KSgeneral-package | R Documentation |
The one-sample two-sided Kolmogorov-Smirnov (KS) statistic is one of the most popular goodness-of-fit test statistics that is used to measure how well the distribution of a random sample agrees with a prespecified theoretical distribution.
Given a random sample \{X_{1}, ..., X_{n}\}
of size n
with an empirical cdf F_{n}(x)
, the two-sided KS statistic is defined as
D_{n} = \sup | F_{n}(x) - F(x) |
, where F(x)
is the cdf of the prespecified theoretical distribution under the null hypothesis H_{0}
, that \{ X_{1}, ..., X_{n} \}
comes from F(x)
.
The package KSgeneral implements a novel, accurate and efficient Fast Fourier Transform (FFT)-based method, referred as Exact-KS-FFT method to compute the complementary cdf,
P(D_{n} \ge q)
, at a fixed q\in[0, 1]
for a given (hypothezied) purely discrete, mixed or continuous underlying cdf F(x)
, and arbitrary, possibly large sample size n
.
A plot of the complementary cdf P(D_{n} \ge q)
, 0 \le q \le 1
, can also be produced.
In other words, the package computes the p-value, P(D_{n} \ge q)
for any fixed critical level q\in[0, 1]
.
If a data sample, \{x_{1}, ..., x_{n}\}
is supplied, KSgeneral computes the p-value P(D_{n} \ge d_{n})
, where d_{n}
is the value of the KS test statistic computed based on \{x_{1}, ..., x_{n}\}
.
Remark: The description of the package and its functions are primarily tailored to computing the (complementary) cdf of the two-sided KS statistic, D_{n}
.
It should be noted however that one can compute the (complementary) cdf for the one-sided KS statistics D_{n}^{-}
or D_{n}^{+}
(cf., Dimitrova, Kaishev, Tan (2020)) by appropriately specifying correspondingly A_{i} = 0
for all i
or B_{i} = 1
for all i
, in the function ks_c_cdf_Rcpp
.
The Exact-KS-FFT method underlying KSgeneral is based on expressing the p-value P(D_{n} \ge q)
in terms of an appropriate rectangle probability with respect to the uniform order statistics, as noted by Gleser (1985) for P(D_{n} > q)
.
The latter representation is used to express P(D_{n} \ge q)
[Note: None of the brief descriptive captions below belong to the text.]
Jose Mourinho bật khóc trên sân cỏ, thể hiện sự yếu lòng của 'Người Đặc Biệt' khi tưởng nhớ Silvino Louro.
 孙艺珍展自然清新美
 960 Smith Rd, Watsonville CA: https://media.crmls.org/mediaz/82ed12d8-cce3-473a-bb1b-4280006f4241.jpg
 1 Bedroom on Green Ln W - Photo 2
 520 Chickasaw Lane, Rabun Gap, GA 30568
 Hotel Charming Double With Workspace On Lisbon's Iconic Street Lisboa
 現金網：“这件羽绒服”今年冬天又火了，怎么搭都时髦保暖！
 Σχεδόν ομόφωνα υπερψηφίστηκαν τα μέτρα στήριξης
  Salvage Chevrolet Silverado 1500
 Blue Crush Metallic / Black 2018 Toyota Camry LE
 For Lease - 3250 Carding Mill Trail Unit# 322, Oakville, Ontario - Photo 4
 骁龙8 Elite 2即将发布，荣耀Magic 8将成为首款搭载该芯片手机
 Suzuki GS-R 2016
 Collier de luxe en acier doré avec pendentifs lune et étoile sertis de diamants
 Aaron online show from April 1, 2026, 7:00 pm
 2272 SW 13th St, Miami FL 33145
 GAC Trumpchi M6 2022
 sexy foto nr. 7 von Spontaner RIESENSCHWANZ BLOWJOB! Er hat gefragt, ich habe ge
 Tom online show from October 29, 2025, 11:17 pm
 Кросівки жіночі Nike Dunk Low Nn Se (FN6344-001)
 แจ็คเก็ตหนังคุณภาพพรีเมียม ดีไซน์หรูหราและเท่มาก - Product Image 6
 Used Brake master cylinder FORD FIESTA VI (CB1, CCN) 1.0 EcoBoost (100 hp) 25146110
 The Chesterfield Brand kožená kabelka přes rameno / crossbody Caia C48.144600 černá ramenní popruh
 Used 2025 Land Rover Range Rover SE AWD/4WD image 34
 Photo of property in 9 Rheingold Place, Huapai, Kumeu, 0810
via a double-boundary non-crossing probability for a homogeneous Poisson process, with intensity n
, which is then efficiently computed using FFT, ensuring total run-time of order O(n^{2}log(n))
(see Dimitrova, Kaishev, Tan (2020) and also Moscovich and Nadler (2017) for the special case when F(x)
is continuous).
KSgeneral represents an R wrapper of the original C++ code due to Dimitrova, Kaishev, Tan (2020) and based on the C++ code developed by Moscovich and Nadler (2017).
The package includes the functions disc_ks_c_cdf
, mixed_ks_c_cdf
and cont_ks_c_cdf
that compute the complementary cdf P(D_n \ge q)
, for a fixed q
, 0 \le q \le 1
, when F(x)
is purely discrete, mixed or continuous, respectively.
KSgeneral includes also the functions disc_ks_test
, mixed_ks_test
and cont_ks_test
that compute the p-value P(D_{n} \ge d_{n})
, where d_{n}
is the value of the KS test statistic computed based on a user provided data sample \{x_{1}, ..., x_{n}\}
, when F(x)
is purely discrete, mixed or continuous, respectively.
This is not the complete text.